Can a Signatory be Deemed to be a Drawer of the Cheque?

Are you the Authorised Signatory of your company? What if the cheque you signed bounces? Have you ever wondered if you will be held liable or not?

The Bombay High Court came to the rescue of authorised signatories in a case held in 2023. The Court opined that the authorised signatory of a company who signs a cheque on its behalf is not the “drawer” of the cheque. Thereby, relieving a signatory from the liability of payment of interim compensation under section 143A of the Negotiable Instruments Act, 1881.

Section 7 of the NI Act defines drawer as the maker of a bill of exchange or cheque.

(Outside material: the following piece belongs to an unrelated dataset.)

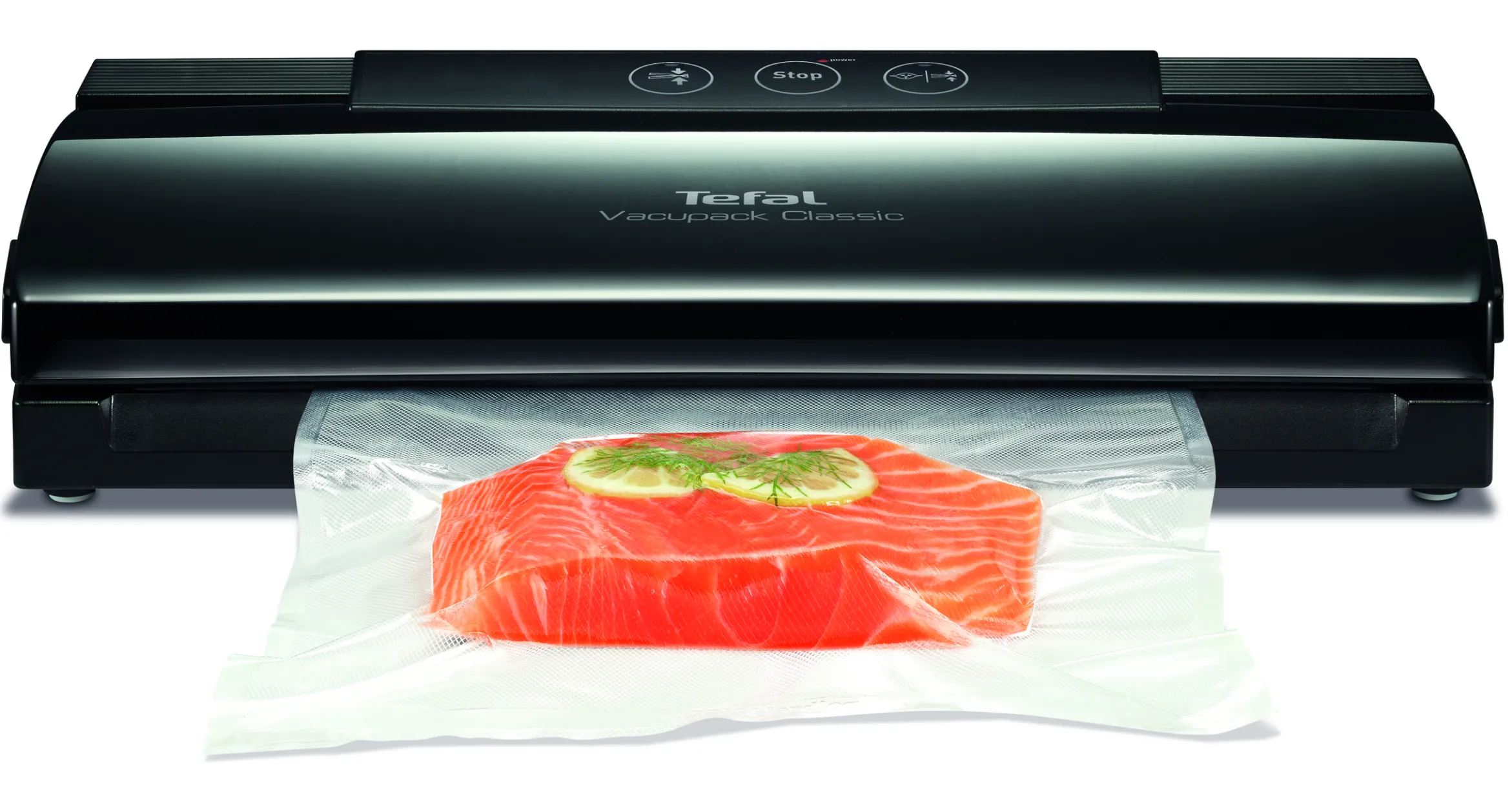 Vakuumiergerät VT2540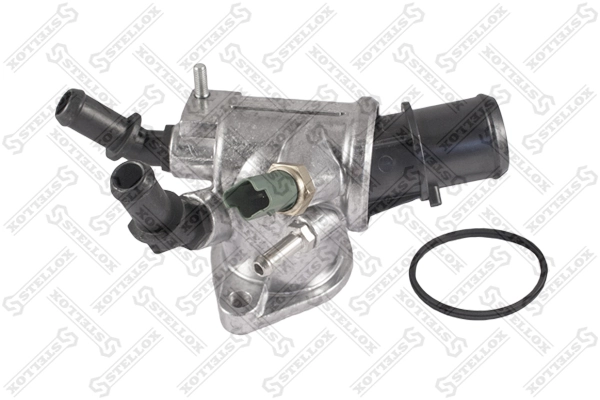 Thermostat, coolant 23-40089-SX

Section 143A emanates from the penal liability enumerated under Section 138 of the NI Act. One of the essential conditions to attract Section 138 of NI Act is – that the cheque must be drawn on an account maintained by the drawer. It is evident from the phraseology of the section, that the drawer is the principal offender.

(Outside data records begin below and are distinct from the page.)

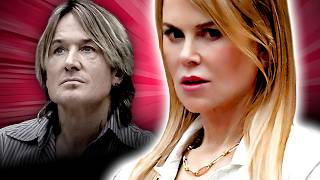 We Saw Nicole Kidman And Keith Urban's Split Coming, Here's Why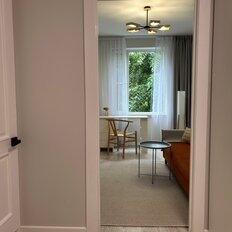 Квартира 44 м², 2-комнатная - изображение 5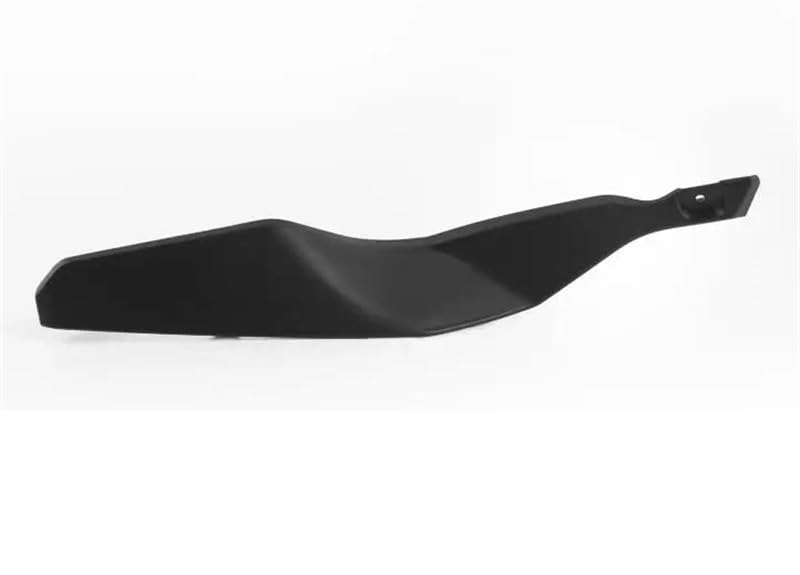 Boîtier de carénage réservoir CBF190X pour réparer les caches latéraux rayés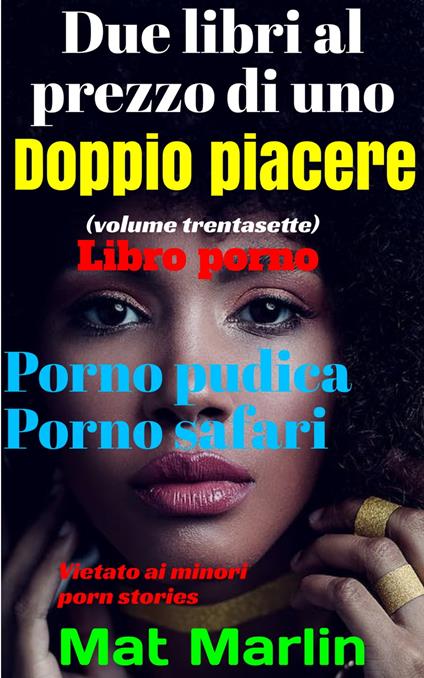 Doppio piacere - Mat Marlin - ebook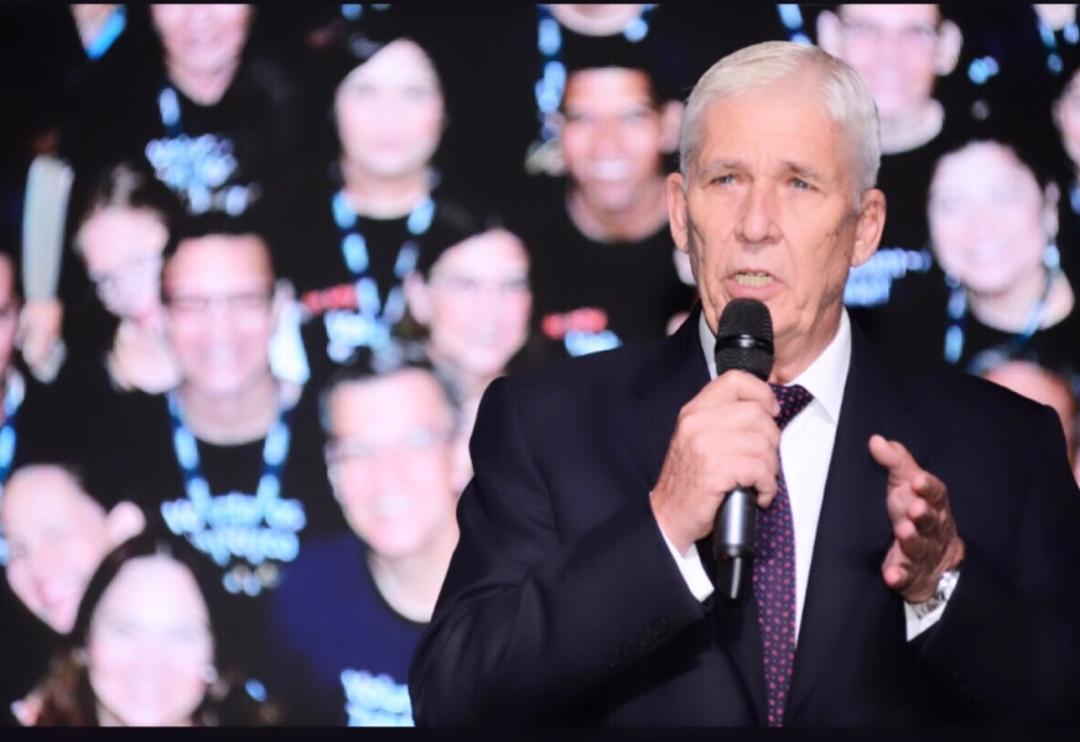 Carta del Presidente de Movistar en Venezuela a la opinión pública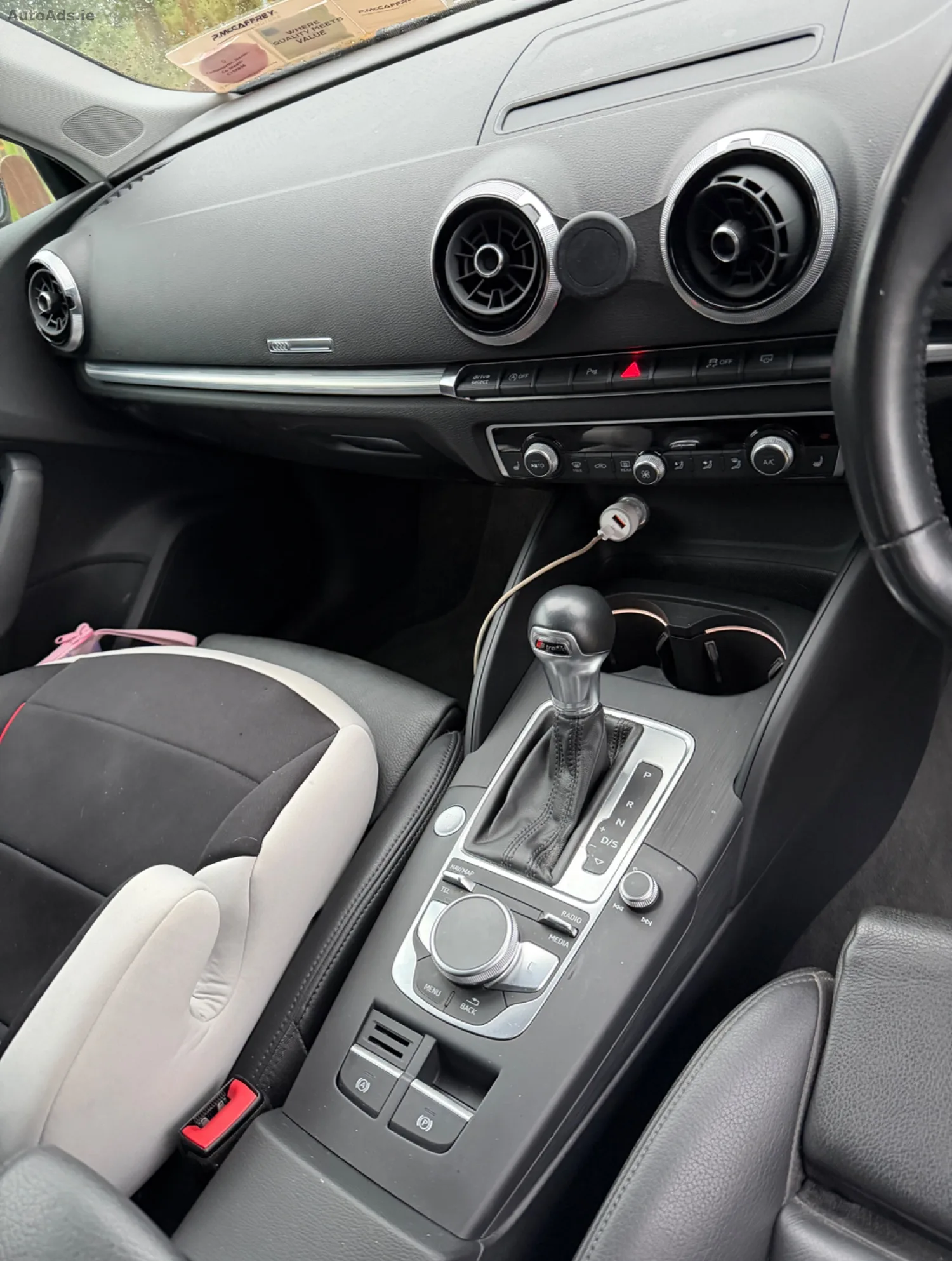 2019 Audi A3 – photo 8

It is the very duty of the drawer to maintain sufficient funds. Drawer alone would have been the offender thereunder if the Act did not contain section 141. By virtue of Section 141 of the Act that penal liability under Section 138 is cast on other persons connected with the company. Therefore there is no need to interpret the word ‘drawer’ to include authorised signatory. It is plausible that the drawer is a legal entity i.e. an artificial person.

In this event, the general rule of vicarious liability applies. However, the HC opined that keeping in mind the legislative intent, the mere signing of a cheque on behalf of a company would not make a person a drawer, for it would not ensure the legislative purpose of ensuring credibility. Liability arises on account of conduct, act or omission on the part of a person and not merely on account of holding an office or a position in a company.

Case Title – Lyka Labs Limited & Anr. v. State of Maharashtra & Anr. and connected cases

Citation: CRIMINAL WRIT PETITION (ST.) NO. 1436 OF 2021


The content of this article is intended to provide general guidance on the subject matter. Specialist advice should be sought about your specific circumstances.